| > may be a handful of microoperations merged in with a stream of other instructions. It may indeed in theory, but most of the time in real-world it won't. And BTW - let's not forget about implicit costs of being unable to inline (which can be huuuuuge). Speaking of the real-world - we've just got our article accepted, presenting supposedly the fastest universal hashing function as of today (in spite of math being more heavy compared to the existing ones) - and the numbers in the OP are consistent with our real-world experiences while we were optimising it (well, within an order of magnitude at least). > but there is a tone of precision and certainty to them that is a bit deceptive. OP: "Last but not least, a word of caution: all the estimates here are just indications of the order of magnitude". > Talking about how much an operation costs is pointless; build things one way, measure that, then make the smallest change possible and measure that. Sure. The problem is that almost-nobody has time to do it in real-world projects. Which leads to even cruder estimates (such as "virtual function calls costs are negligible, regardless of the number of times they're called") being used - causing lots of crazily inefficient programs. IMO, OP is a reasonable middle ground between an all-out quasi-stationary testing and even worse guesstimates ;-). |
Congratulations on getting a paper accepted (and would be interested in reading about it, as I love hashing work) but your claims about "most of the time in real-world it won't" is nonsense. The typical x86 function call overhead is a correctly predicted call, some register saves (using an optimized stack engine), the real work, and some register restores (using the same optimized stack engine). This is not typically 15-30 cycles worth of overhead. The loads and stores generally go to and from L1 cache, are generally predictable (if the function itself is predictable) and none of the operations that are part of a conventional function call are all that expensive. In 15-30 cycles you can do 30-60 loads and/or 15-30 stores (mileage varies by uarch) and 60-120 integer operations if you are very, very lucky. Compare this with the typical argument setup, function prolog/epilog, etc.
As you hint at, function call overhead generally comes from interrupting live ranges (forcing save/restore or simply causing the register allocator to pick a worse strategy) and losing the opportunity to optimize across function boundaries - this cost can be enormous, nebulous and not even a constant (it will impose costs repeatedly on the program and isn't even a constant). I have code where the cost of sticking a function call in and losing some constant propagation information is millions of cycles per call, not 15-30. In other places the cost of a call is effectively zero.
In still other places the cost of a function call is 'negative' - that is, it's cheaper to have a function exist as a independent unit than inline it.
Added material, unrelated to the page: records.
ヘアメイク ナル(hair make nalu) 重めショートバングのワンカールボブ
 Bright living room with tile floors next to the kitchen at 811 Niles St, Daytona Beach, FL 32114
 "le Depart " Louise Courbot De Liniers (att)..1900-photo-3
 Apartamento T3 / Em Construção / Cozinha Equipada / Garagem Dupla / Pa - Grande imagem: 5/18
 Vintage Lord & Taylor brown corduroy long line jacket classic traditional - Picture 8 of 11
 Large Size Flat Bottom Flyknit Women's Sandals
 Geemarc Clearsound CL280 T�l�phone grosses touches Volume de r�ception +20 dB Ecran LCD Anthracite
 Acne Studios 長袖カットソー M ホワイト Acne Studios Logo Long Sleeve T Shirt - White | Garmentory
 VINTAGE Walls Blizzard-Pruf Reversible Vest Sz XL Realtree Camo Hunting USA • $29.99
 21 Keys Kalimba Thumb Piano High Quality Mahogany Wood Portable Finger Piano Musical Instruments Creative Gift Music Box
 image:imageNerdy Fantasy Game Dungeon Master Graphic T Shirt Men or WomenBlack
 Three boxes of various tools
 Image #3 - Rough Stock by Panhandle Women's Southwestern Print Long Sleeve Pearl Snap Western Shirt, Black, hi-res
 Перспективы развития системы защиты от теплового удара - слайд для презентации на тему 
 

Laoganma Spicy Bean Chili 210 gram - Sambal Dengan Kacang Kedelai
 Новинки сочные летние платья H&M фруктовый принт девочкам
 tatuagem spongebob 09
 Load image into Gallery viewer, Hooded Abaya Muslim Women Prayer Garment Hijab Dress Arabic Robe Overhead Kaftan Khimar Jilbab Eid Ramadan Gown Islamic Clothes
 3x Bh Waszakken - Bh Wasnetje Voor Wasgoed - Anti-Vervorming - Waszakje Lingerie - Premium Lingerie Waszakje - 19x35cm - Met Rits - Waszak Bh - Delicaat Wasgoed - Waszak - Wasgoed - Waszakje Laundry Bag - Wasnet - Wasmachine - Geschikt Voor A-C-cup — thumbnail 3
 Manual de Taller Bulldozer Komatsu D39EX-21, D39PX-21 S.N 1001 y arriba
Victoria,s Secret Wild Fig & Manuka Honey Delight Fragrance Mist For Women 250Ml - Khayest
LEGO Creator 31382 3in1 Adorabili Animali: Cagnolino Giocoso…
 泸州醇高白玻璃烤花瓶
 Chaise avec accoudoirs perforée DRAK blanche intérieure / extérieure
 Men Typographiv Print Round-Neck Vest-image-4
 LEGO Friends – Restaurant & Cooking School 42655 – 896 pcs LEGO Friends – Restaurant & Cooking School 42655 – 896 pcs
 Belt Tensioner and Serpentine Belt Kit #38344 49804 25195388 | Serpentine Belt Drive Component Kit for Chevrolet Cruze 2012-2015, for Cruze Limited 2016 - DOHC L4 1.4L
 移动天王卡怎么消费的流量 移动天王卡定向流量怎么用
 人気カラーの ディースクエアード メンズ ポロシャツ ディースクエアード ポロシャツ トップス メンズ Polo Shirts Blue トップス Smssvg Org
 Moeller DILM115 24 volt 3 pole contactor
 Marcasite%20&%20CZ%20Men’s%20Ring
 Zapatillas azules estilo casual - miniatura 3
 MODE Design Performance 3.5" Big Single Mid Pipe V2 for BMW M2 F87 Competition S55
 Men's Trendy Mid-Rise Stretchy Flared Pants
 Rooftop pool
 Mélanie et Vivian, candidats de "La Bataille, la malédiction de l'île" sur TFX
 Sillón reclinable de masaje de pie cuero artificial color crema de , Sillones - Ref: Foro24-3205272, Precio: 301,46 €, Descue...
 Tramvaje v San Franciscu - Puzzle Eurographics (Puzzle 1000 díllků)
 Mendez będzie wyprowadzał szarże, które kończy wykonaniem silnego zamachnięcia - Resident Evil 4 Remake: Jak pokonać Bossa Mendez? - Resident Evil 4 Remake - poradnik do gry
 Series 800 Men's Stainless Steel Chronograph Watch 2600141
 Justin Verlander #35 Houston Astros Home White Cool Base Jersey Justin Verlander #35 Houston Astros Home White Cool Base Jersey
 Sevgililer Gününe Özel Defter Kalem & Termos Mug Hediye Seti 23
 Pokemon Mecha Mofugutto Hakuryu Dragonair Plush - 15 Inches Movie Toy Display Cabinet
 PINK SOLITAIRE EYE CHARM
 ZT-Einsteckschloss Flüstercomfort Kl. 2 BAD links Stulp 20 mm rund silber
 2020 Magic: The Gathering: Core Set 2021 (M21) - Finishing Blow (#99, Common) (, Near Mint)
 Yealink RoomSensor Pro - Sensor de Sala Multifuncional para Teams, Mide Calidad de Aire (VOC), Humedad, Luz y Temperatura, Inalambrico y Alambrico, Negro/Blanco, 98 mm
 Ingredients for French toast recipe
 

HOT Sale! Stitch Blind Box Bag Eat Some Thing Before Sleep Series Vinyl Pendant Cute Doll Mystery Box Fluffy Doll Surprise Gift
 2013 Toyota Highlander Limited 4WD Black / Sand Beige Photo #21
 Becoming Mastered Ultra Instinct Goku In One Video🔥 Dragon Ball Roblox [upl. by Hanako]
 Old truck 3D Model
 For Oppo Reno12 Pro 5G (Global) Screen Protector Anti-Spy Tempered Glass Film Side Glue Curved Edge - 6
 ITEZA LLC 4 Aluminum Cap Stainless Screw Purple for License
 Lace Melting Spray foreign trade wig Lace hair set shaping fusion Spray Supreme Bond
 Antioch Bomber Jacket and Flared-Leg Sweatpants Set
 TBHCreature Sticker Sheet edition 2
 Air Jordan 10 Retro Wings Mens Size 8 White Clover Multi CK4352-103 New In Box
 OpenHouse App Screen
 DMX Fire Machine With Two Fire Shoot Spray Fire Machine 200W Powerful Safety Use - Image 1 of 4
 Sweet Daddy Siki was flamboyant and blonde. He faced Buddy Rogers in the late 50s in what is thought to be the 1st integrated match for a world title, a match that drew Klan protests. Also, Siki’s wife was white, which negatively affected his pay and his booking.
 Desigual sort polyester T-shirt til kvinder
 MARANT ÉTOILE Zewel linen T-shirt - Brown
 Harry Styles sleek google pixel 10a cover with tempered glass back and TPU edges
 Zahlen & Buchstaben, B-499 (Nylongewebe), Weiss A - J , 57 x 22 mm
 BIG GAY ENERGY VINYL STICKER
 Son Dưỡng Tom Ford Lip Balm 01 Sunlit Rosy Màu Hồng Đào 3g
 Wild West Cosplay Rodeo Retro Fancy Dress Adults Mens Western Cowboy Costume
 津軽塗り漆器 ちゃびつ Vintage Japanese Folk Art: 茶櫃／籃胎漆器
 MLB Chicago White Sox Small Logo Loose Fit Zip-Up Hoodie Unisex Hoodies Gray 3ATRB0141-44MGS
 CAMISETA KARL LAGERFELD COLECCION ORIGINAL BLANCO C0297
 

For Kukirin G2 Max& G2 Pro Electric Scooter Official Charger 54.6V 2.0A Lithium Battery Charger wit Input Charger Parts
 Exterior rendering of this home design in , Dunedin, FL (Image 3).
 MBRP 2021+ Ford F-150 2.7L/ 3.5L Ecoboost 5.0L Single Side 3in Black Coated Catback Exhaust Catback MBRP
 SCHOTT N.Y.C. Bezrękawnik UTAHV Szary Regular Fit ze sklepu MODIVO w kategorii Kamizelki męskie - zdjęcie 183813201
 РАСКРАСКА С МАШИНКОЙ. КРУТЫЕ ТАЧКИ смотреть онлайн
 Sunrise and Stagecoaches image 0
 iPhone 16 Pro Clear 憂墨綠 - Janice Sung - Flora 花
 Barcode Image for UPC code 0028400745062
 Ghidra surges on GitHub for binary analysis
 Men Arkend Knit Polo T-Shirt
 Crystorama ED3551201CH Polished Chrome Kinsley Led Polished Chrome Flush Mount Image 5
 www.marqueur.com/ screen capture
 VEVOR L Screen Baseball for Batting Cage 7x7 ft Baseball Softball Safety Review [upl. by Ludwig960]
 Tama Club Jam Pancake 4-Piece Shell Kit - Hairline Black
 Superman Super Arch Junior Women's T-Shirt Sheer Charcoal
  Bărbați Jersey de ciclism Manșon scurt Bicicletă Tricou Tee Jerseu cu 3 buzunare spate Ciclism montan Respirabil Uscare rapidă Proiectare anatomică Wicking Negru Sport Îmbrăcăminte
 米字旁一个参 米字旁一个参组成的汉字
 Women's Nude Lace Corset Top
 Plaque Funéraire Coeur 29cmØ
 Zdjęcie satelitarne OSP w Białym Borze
This is typically an i-cache issue but we've seen a host of weird effects here.
So - under some (unusual) circumstances, function call overhead can be practically free (i.e. the ooo engine has a lot of opportunities to insert prolog/epilog instructions, no branch mispredicts, etc). Typically it will be inherently cheaper than 15-30 cycles - but lost opportunities for optimization may take you to numbers that are insanely higher than that.
The reason I arced up over this is that it's just not useful to say "within an order of magnitude". If you say 15-30 is the magic number you are creating folklore. We are burdened by folkloric stuff ("the interpreter penalty that results because branch predictors 'can't predict indirect branches'") that result in considerably worse designs. It's better to know you don't know rather than promulgate simplistic rules-of-thumb that misstate the real issues.
This is particularly true because a lot of this 'folkloric optimization' stuff people do generally leads away from a simple and direct expression of their ideas in their favorite coding style, and towards a heavily "optimized" form that's super-obscure because some "performance high priest" has declared it Performant. We've had a number of cheap laughs in our day re-rolling loops, replacing inline asm with C code, and restoring sanity and getting a performance win from doing it. I've been just as guilty of playing Performance High Priest as anyone else, mind you.